Researchers soon figured out the cause of the ozone hole. Long-lasting extreme cold in the Antarctic stratosphere in winter created the perfect conditions for chemical reactions that destroy ozone at a much faster pace than those that take place elsewhere in the atmosphere. When temperatures are very low in the stratosphere, nitric acid and water can turn from gas into liquid or solid forms, resulting in a wispy multicolored cloud called a polar stratospheric cloud. These frozen particles of acid and water provide surfaces on which the chemical reactions that convert chlorine into ozone-destroying forms can take place. Michelle Santee, another JPL researcher studying the Arctic ozone loss, said, “If you just had gaseous molecules, as is the case in most of the atmosphere, these reactions would not occur.”

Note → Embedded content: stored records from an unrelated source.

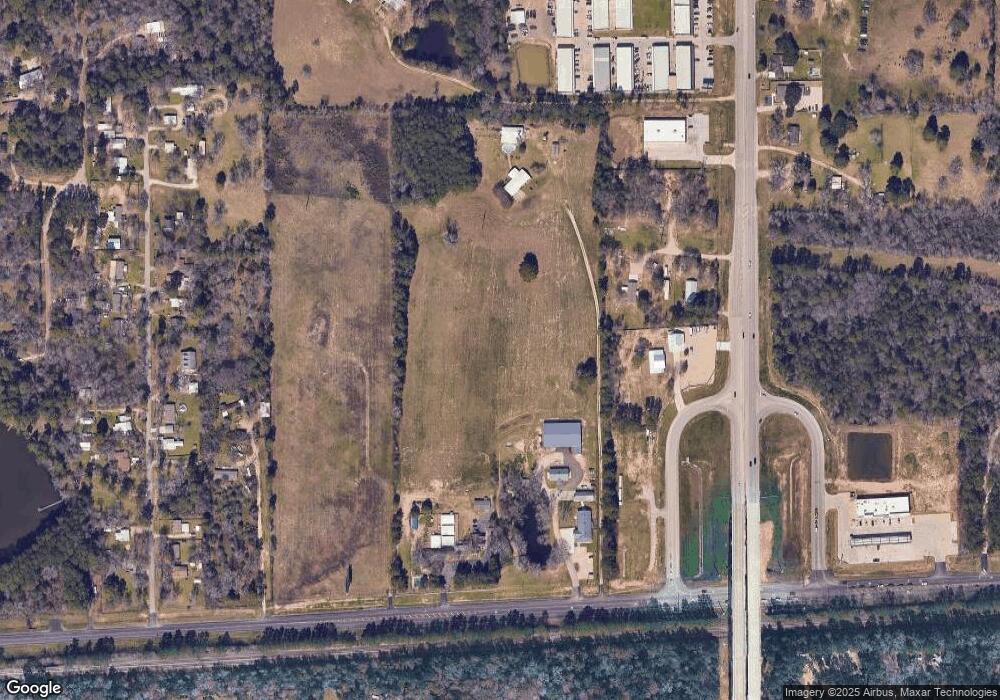 14840 Fm 2854 Rd, Montgomery, TX 77316 - photo 1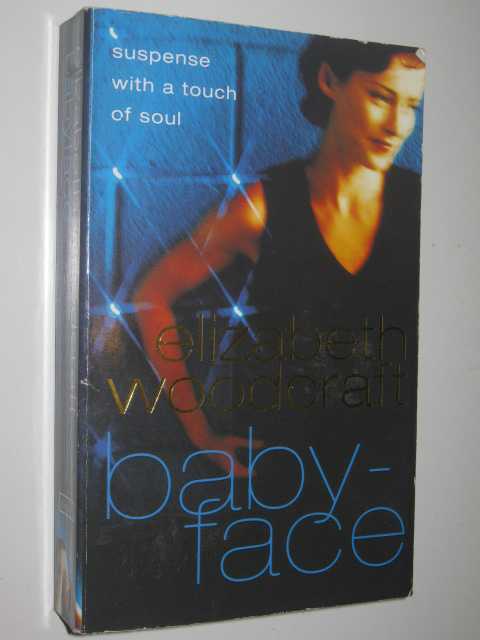 Baby face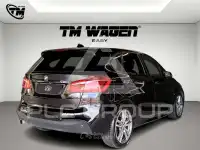 2020 BMW 218
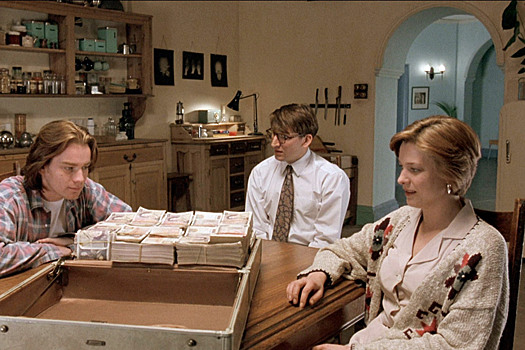 Детали в квартире, выдающие жадных хозяев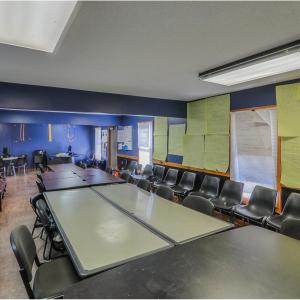 St. Louis Job Corps Center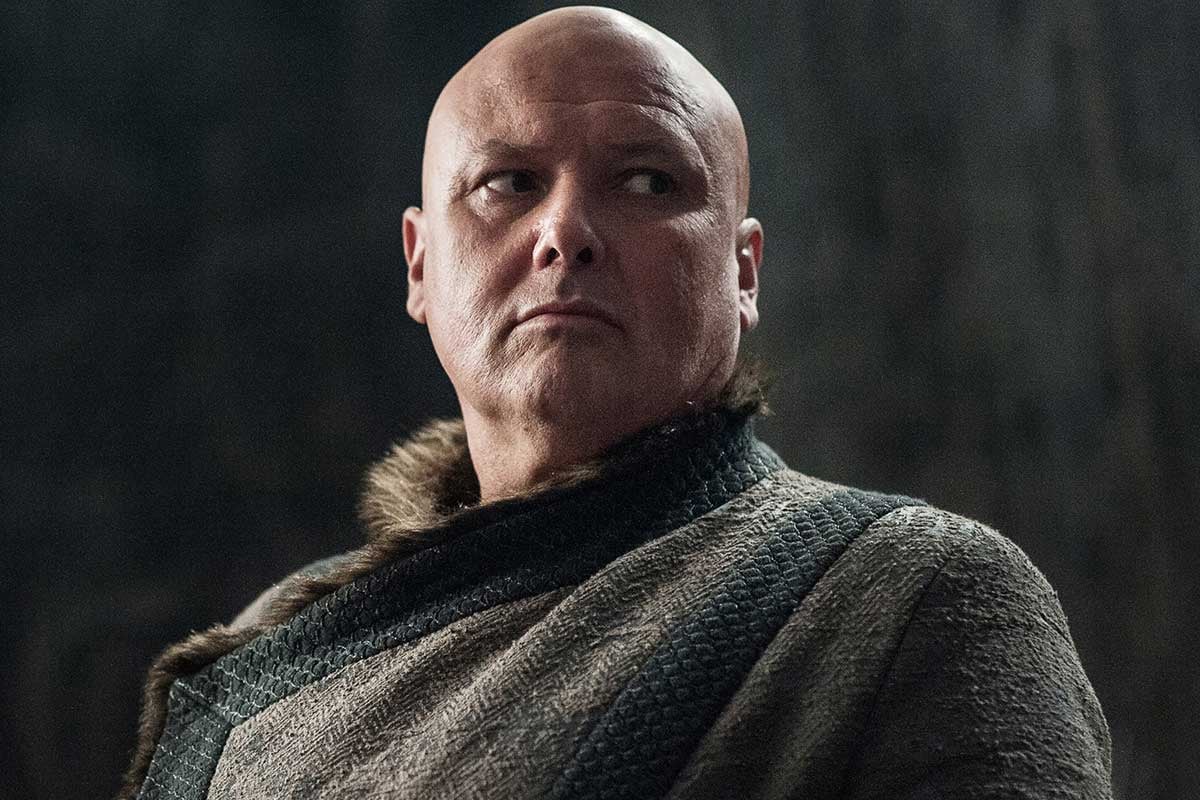 varys game of thrones good or bad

Measuring Arctic ozone loss
Outside of Antarctica, stratospheric temperatures rarely get low enough for polar stratospheric clouds to form, nor do they typically stay low long enough for chlorine to persist in ozone-destroying forms. So when Santee and Manney saw a large decrease in ozone over the Arctic during routine inspection of data from NASA's Microwave Limb Sounder (MLS), they wondered how bad the problem was. MLS data archived at NASA's Goddard Earth Sciences Data and Information Services Center (GES DISC) showed that about 80 percent of the ozone at 18 to 20 kilometers altitude had been destroyed—far more ozone loss than ever previously seen over the Arctic. Confirming the MLS data, balloon-borne ozonesondes released every year over the Arctic provide a high-resolution series of data dating back to the 1990s, before the MLS record began; balloons have also provided measurements of ozone over the Antarctic since the 1980s. Manney said, “These comparisons were important in establishing that the ozone loss in 2011 was unprecedented in the Arctic, and that it was comparable to that in some Antarctic ozone holes.”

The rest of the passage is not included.